Here's the story that ran on NBC today: There's new advice this morning for parents of young children -- about when you should turn your babies' car seats around to face the front. Many parents mark their children's first birthday by turning their infants' car seats from rear-racing to looking forward. It's been the general rule of thumb.. until now.
Dr. Dennis Durbin - The Children's Hospital of Philadelphia:"All infants and toddlers should remain in a rear-facing car seat until they are 2 years of age or until they outgrow the weight and height limits of their car seat." Dr. Dennis Durbin is the lead author of a new American Academy of Pediatrics policy statement. He says keeping young children in the rear-facing position for as long as possible will help protect their head and neck in the event of an accident.
Dr. Dennis Durbin/ The Children's Hospital of Philadelphia: "We've seen many cases where children suffer serious injuries to their neck or their head when they've been turned forward facing and those injuries probably could have been prevented had that child been in a rear-facing direction." And even though they're older, and bigger, kids up until age 2 should be able to fit in most car seats.

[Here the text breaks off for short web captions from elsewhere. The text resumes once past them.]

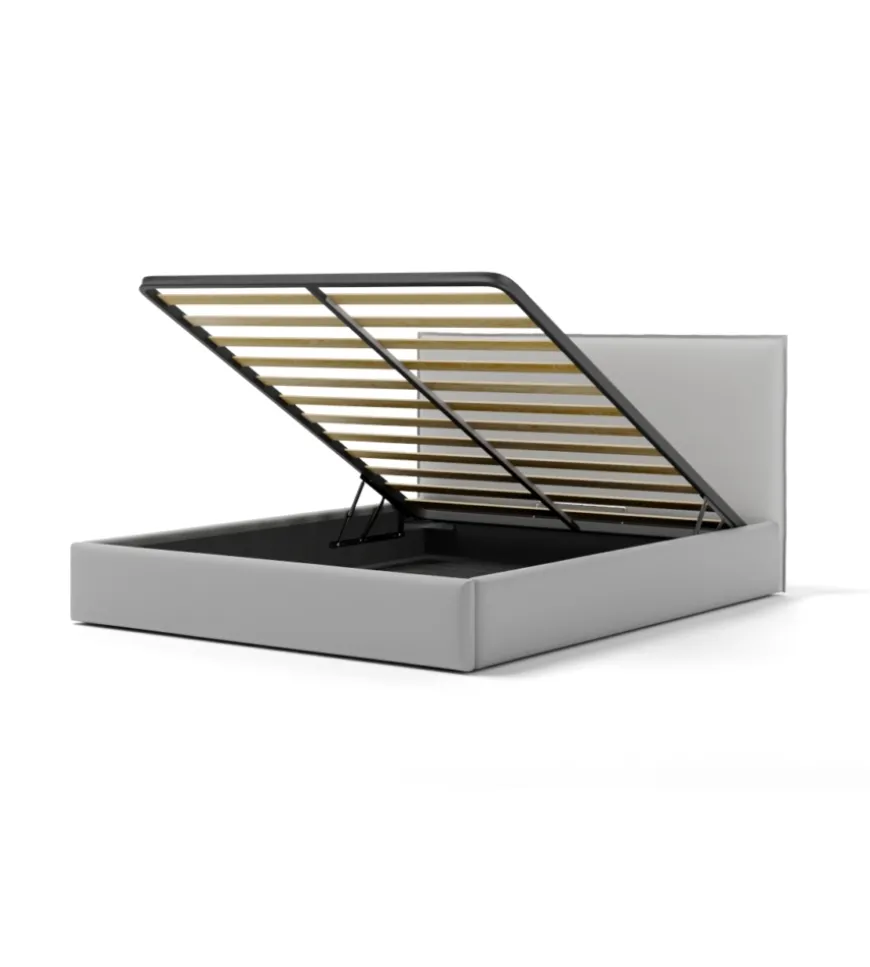 Letto matrimoniale contenitore "zoom" in ecopelle grigio 160x190 cm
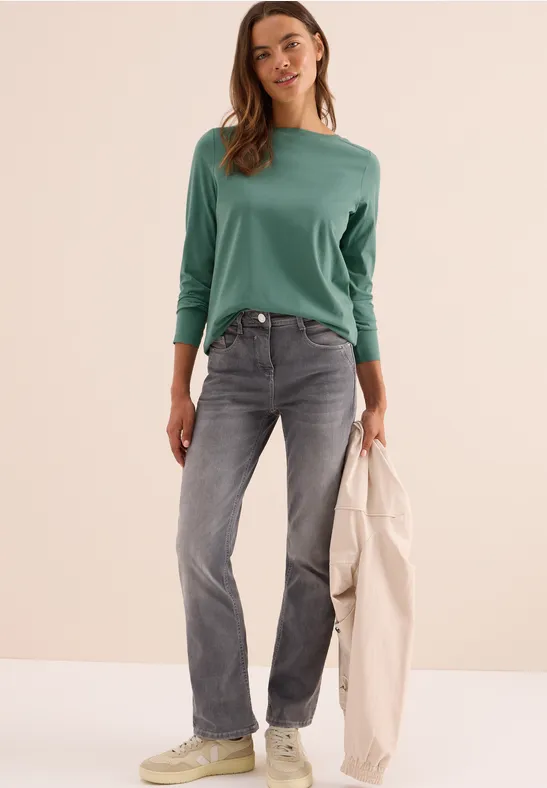 Shirt in Unifarbe jewel green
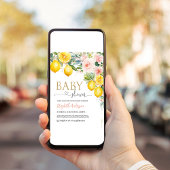 Roze limonade bloemige babyshower uitnodiging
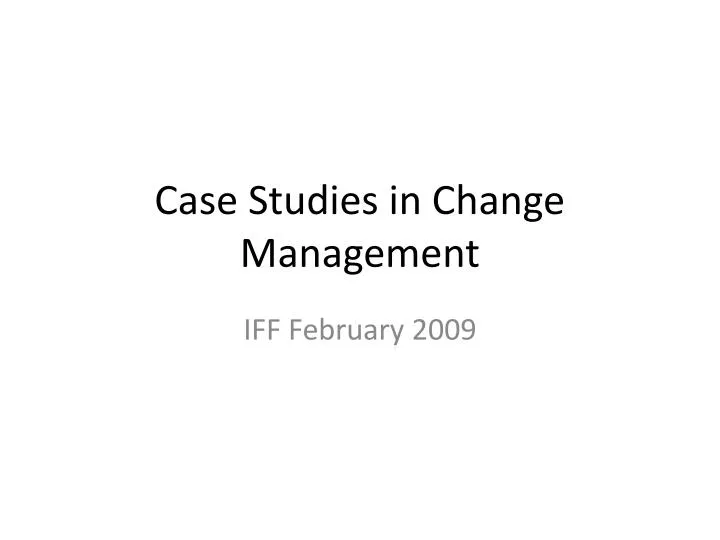 case study on change management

Dr. Dennis Durbin/The Children's Hospital of Philadelphia: "The childhood obesity epidemic has already spurred car seat manufacturers to make design changes to their seats to accommodate heavier children." State child safety seat laws will not automatically reflect the recommended change. But the hope is that parents will take it upon themselves to create new rules for their own families.
The new recommendations say older children should be in a booster seat until they're 4-feet, 9-inches tall and are between the ages of 8 and 12 years old. Kids should remain in the back seat until age 13.